Dynamic bias error correction in gamma-ray computed tomography

Abstract The dynamic bias error is a well-known effect in transmission radiometry. It appears when an object distribution, e.g. a multiphase flow, changes its constitution during the scanning process and reconstructed data, e.g. a cross-sectional image, is assumed to represent a time-average of the object distribution. In gamma-ray tomography long sampling intervals are necessary in order to obtain sufficient photon count statistics. Therefore, the measured photon count projection data is inherently time-averaged. The attenuation law gives a non-linear relation between attenuation and photon counts. Therefore, the calculation of the time-averaged attenuation from the time-averaged projection data may lead to non-negligible and systematic errors, commonly an underestimation of the real attenuation, which e.g. means an overestimation of the gas holdup in tomography images of two-phase flows.

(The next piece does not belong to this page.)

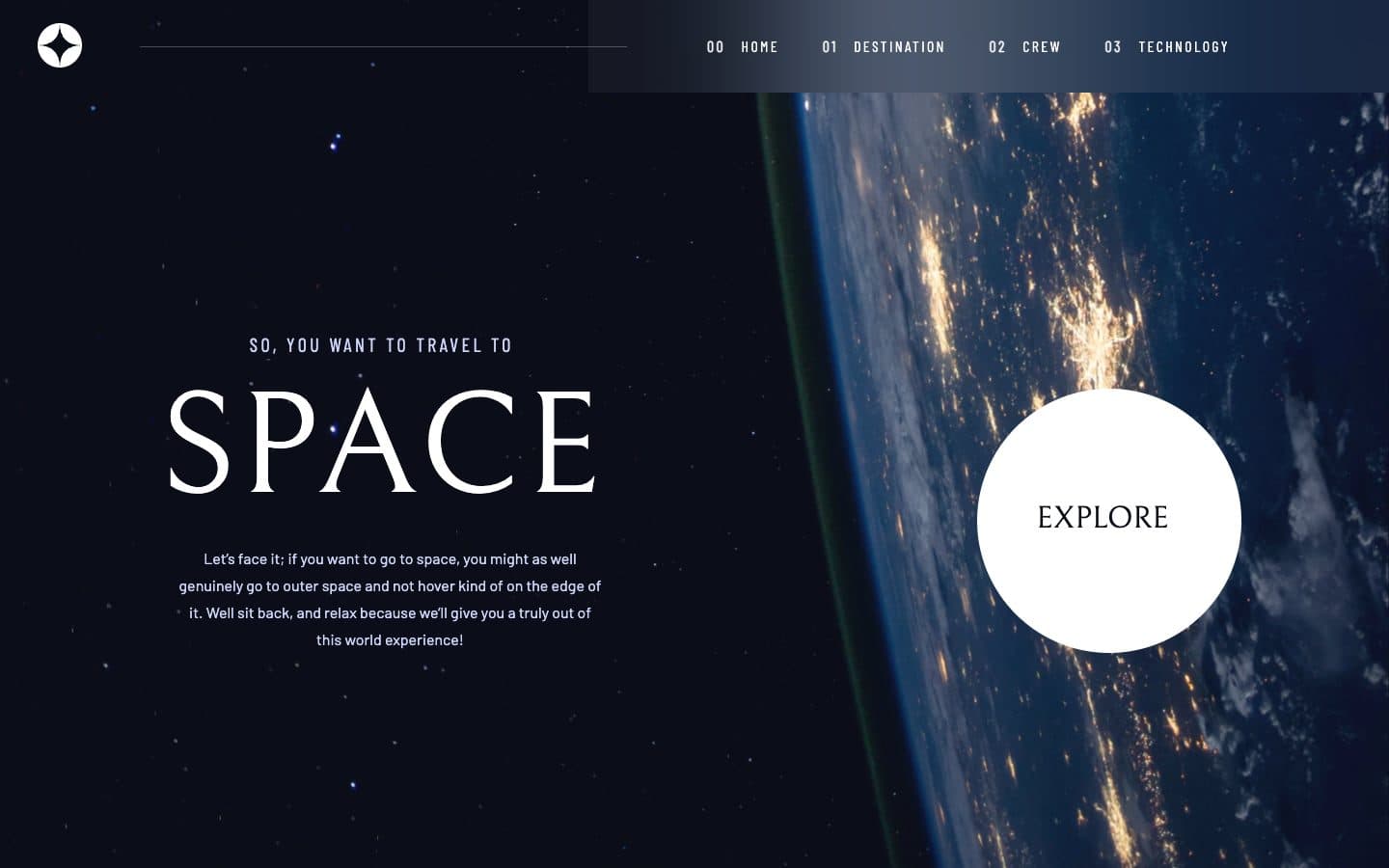 Space tourism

In this work the application of a recently presented dynamic bias error correction method on time-averaged gamma-ray tomography is demonstrated. As an exemplary object we scanned a mock-up of a centrifugal pump. The suitability of this method was investigated for a generic highly turbulent two-phase flow scenario with both a virtual tomography data set as well as real measured data. These investigations allowed the quantification of both the tomography image artefacts caused by the dynamic bias error and the grade of potential correction by the presented method.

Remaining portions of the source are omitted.